Option 2: Static Schema Definition

Requiring all database models to be defined in the Core codebase. - Cons: Extensibility Blocker. Extensions would be unable to store their own persistent data without modifying the Core source code, violating the principle of deep modularity.

Option 3: Dynamic Unified Postgres

Leveraging Postgres for all data types—Relational and Document (via JSONB)—governed by a strict binary serialization protocol and organized into logical chambers. - Pros: - Transactional Integrity: Guaranteed atomicity across all data types in a single commit. - Minimalism: Reduces the infrastructure footprint to a single robust engine. - Flexibility: Supports both structured relational data and unstructured artifacts within a single query context.

Decision Outcome

Postgres is selected as the unified backend, equipment with the capability to handle relational, vector, and document data. The persistence logic is orchestrated via SQLAlchemy (Async).
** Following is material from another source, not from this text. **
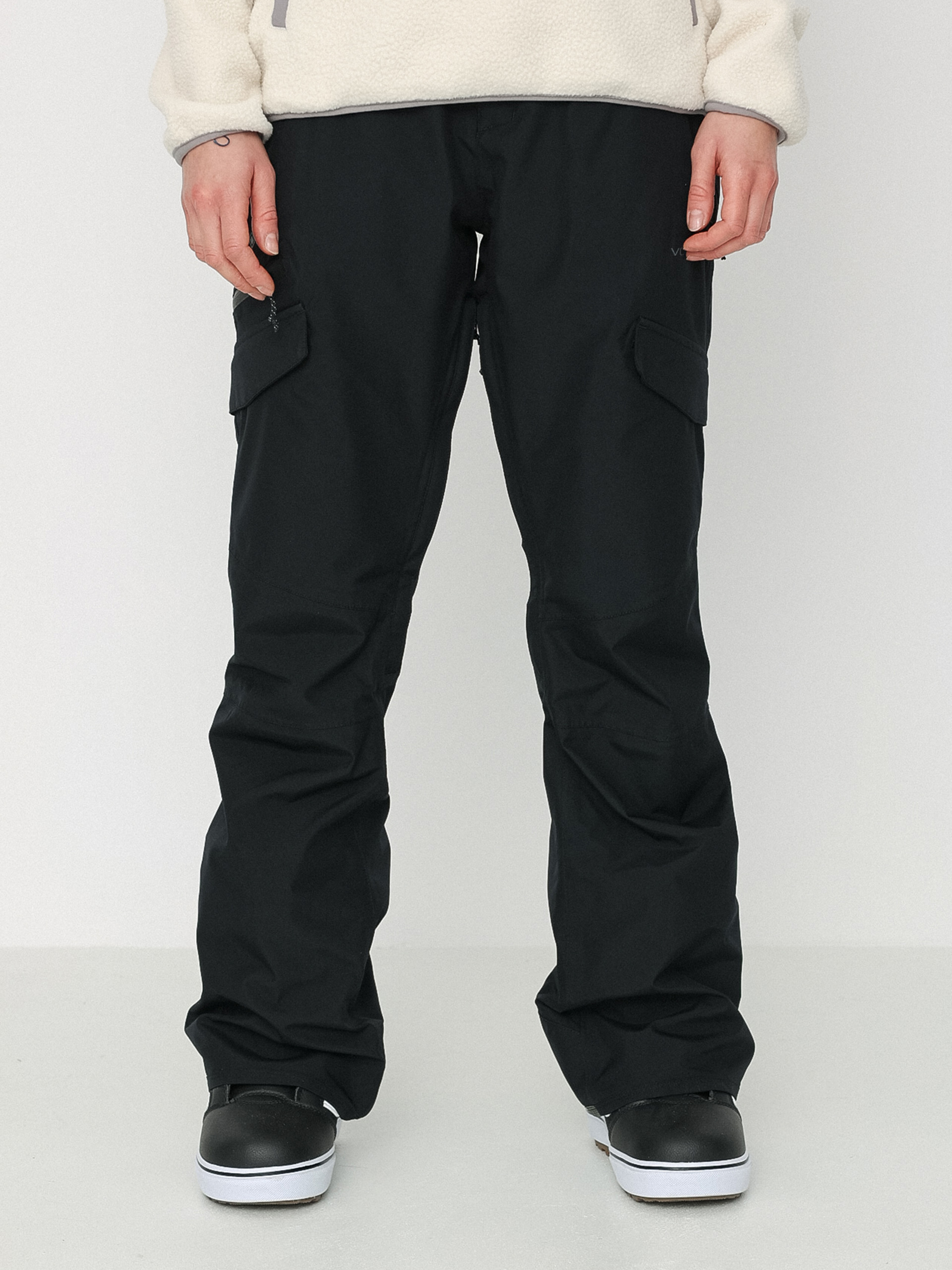 Pantaloni pentru snowboard Volcom Aston Gore Tex Wmn (black)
1. The Dynamic Registry (Federation)

The persistence layer implements a Schema Federation Protocol to support the system's recursive evolution:

  1. The Base: All models inherit from a shared UUIDBase provided by the Core.
  2. Registration: During the initialization phase, extensions call context.register_model(MyModel).
  3. Aggregation: The Core aggregates these references. When the migration tool (Alembic) runs, it imports all registered models, generating a single migration script that covers the entire Federation.

2. Binary JSONB Transmutation

To achieve maximum throughput for complex state objects and execution history, a Zero-Copy Serialization strategy is adopted via a custom asyncpg connection hook.
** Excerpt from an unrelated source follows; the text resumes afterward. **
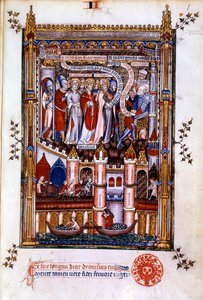 San Denis ante Sisinnius, 1317
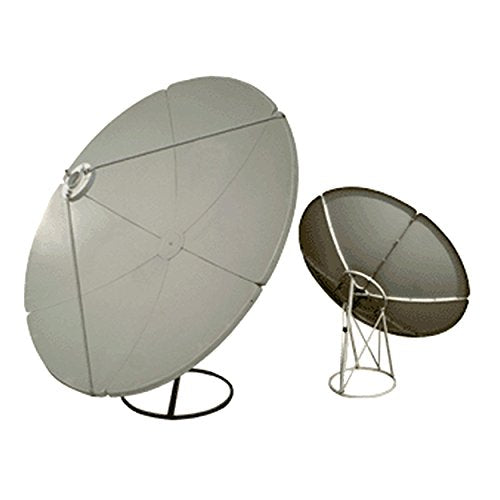Homevision Technology Satellite Dish Digiwave 2.1 Meter Prime Focus Satellite Dish, Gray (DWD210T)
  • The Problem: Standard ORMs serialize objects to JSON strings, pass them to the driver, which encodes them to UTF-8 bytes, which the database then decodes. This "Double Encoding" is unacceptable for large payloads.
  • The Solution: The system injects a custom codec that accepts already-serialized bytes (from a high-performance serializer like msgspec), prepends the Postgres JSONB version header (\x01), and transmits the raw binary protocol directly.
  • The Result: The application memory maps directly to the database storage engine, bypassing text processing entirely. This is critical for future rituals involving massive cognitive data dumps.

3. Anatomical Partitioning (The Chambers)

To maintain organizational purity, the Phylactery is divided into logical chambers:

  • public (State): Relational data for user state, configuration, and extension registries.
  • vectors (Karma): High-dimensional space for storing verified artifacts and long-term memory. Entries include a status metadata field (e.g., speculative, consecrated) to distinguish between experimental thoughts and verified truths.
  • traces (The Eye): Specialized storage for execution traces and observability data.
  • queue (Labor): The persistence layer for the background task distribution system.
  • verbatim (The Facts): A high-priority Key-Value store (JSONB) for immutable facts (IP addresses, specific names, technical constants). The system is mandated to consult this chamber before semantic search to ensure 100% deterministic recall of critical data.

4. Concurrency and Labor

The database is configured to support atomic task distribution. By utilizing SKIP LOCKED, the system can manifest background ghouls that claim and execute pending labor without the risk of duplicate work or the need for an external broker.

Consequences

Positive

  • Atomic Reliability: A single transaction can commit a user action and save a complex state snapshot simultaneously.
  • Performance: Binary Transmutation reduces the latency of saving large state objects by orders of magnitude compared to standard handling.
  • Extension Sovereignty: An extension author defines a standard Python class, and the system automatically handles the table creation and evolution within the unified body.

Negative

  • Migration Complexity: If two extensions define models with conflicting table names, the migration will fail. The system relies on strict namespace conventions to prevent collisions.
  • Vacuum Tuning: High-volume chambers (like the task queue) require aggressive autovacuum tuning to prevent database bloat.